_Your goal:_ In the material below, find the line with "a photo of a" and the line with "Series Of I", then output those two lines and every line between them, exactly.

[Exercise materials]

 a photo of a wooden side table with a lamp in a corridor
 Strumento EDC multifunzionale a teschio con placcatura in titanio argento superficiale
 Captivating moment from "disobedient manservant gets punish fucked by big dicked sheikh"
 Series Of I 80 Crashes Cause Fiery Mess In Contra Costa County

[/Exercise materials]
[Exercise materials]

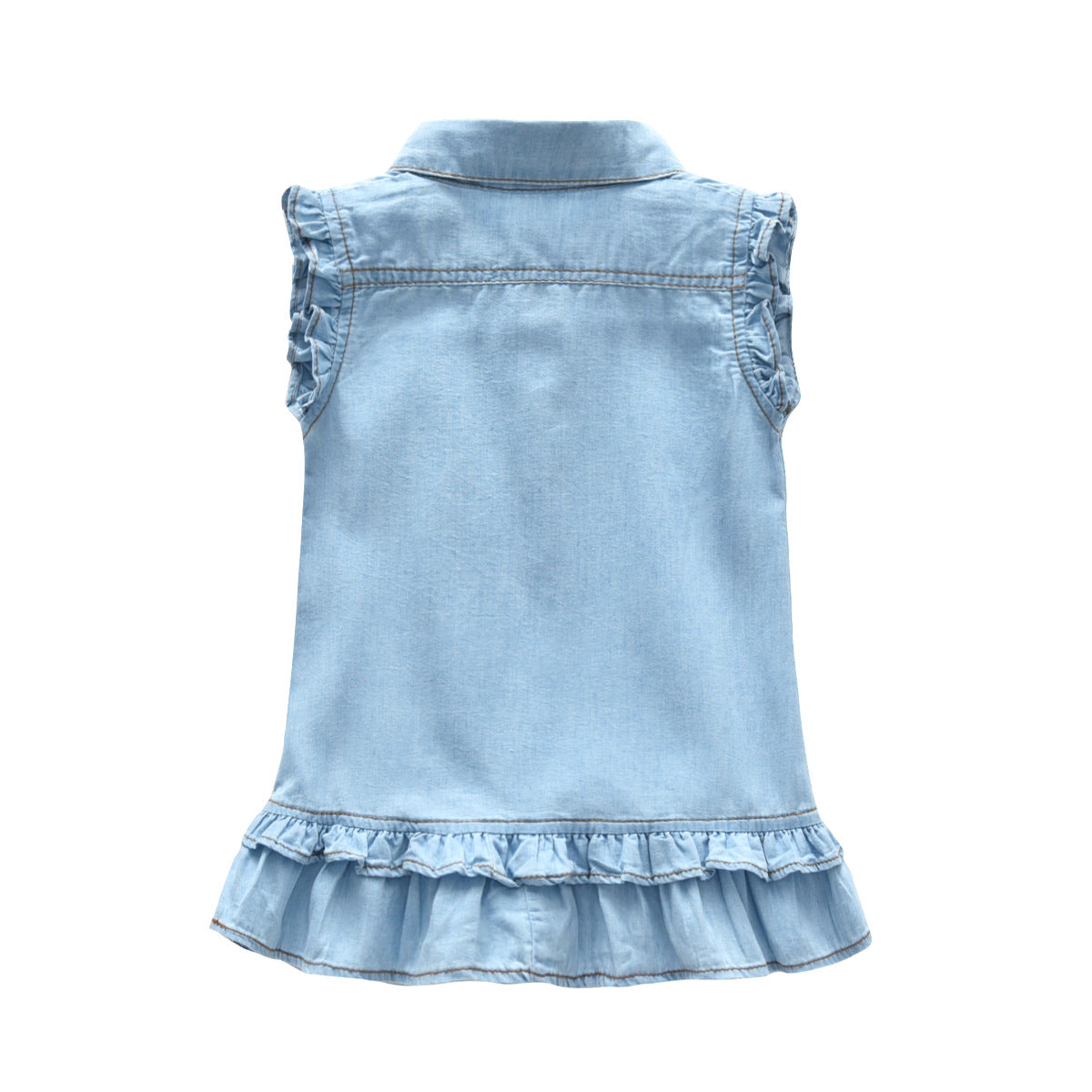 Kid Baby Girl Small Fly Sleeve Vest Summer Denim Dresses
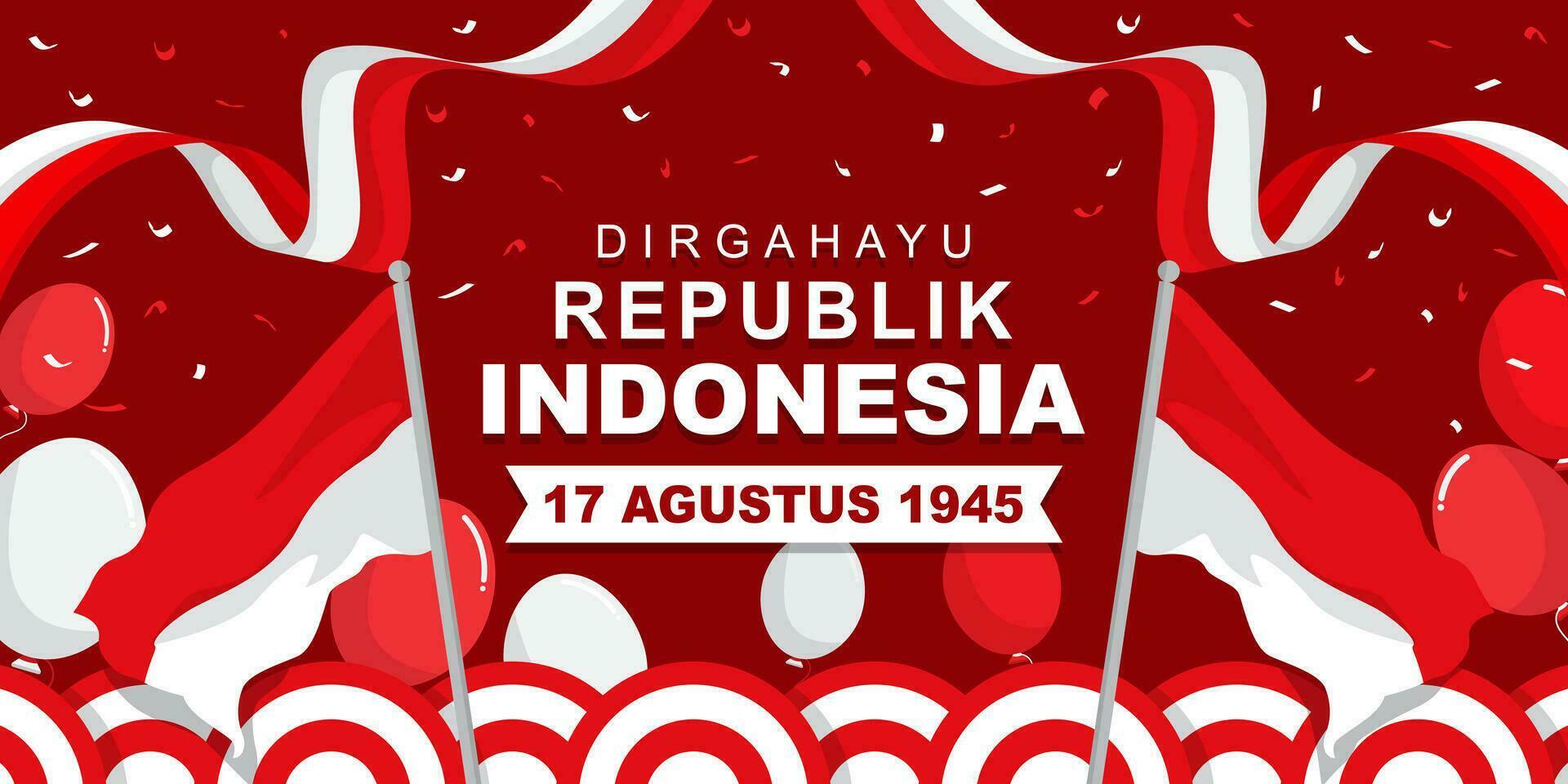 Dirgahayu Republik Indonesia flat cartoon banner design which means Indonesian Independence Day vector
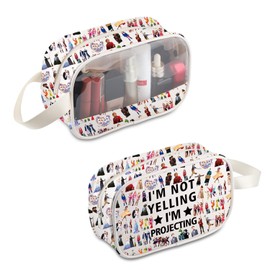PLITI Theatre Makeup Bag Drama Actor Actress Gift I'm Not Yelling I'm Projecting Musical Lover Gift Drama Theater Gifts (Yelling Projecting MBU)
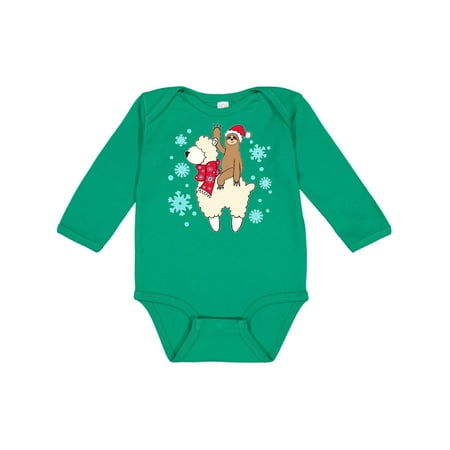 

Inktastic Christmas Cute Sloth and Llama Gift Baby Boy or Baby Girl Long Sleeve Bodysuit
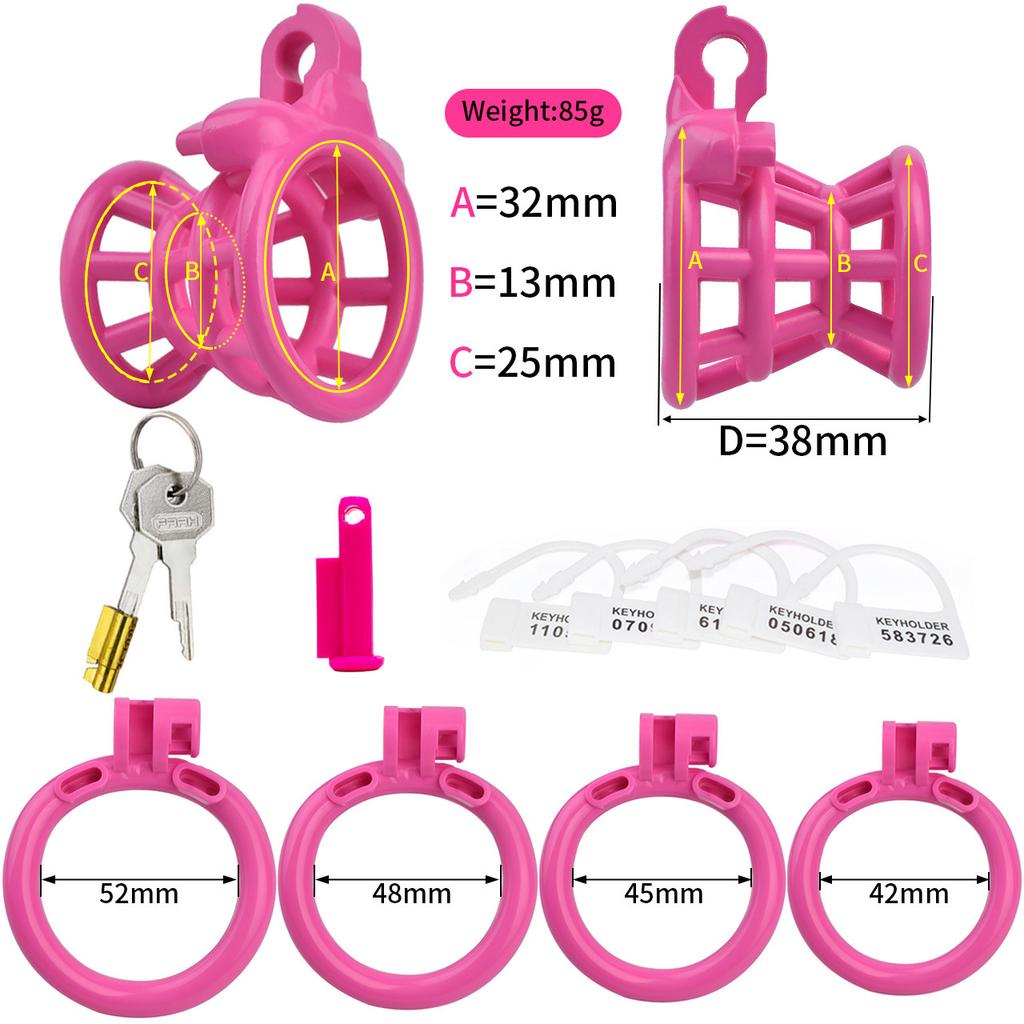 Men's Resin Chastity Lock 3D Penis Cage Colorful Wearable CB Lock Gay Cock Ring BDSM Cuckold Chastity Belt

[/Exercise materials]

_Completed exercise:_
 a photo of a wooden side table with a lamp in a corridor
 Strumento EDC multifunzionale a teschio con placcatura in titanio argento superficiale
 Captivating moment from "disobedient manservant gets punish fucked by big dicked sheikh"
 Series Of I 80 Crashes Cause Fiery Mess In Contra Costa County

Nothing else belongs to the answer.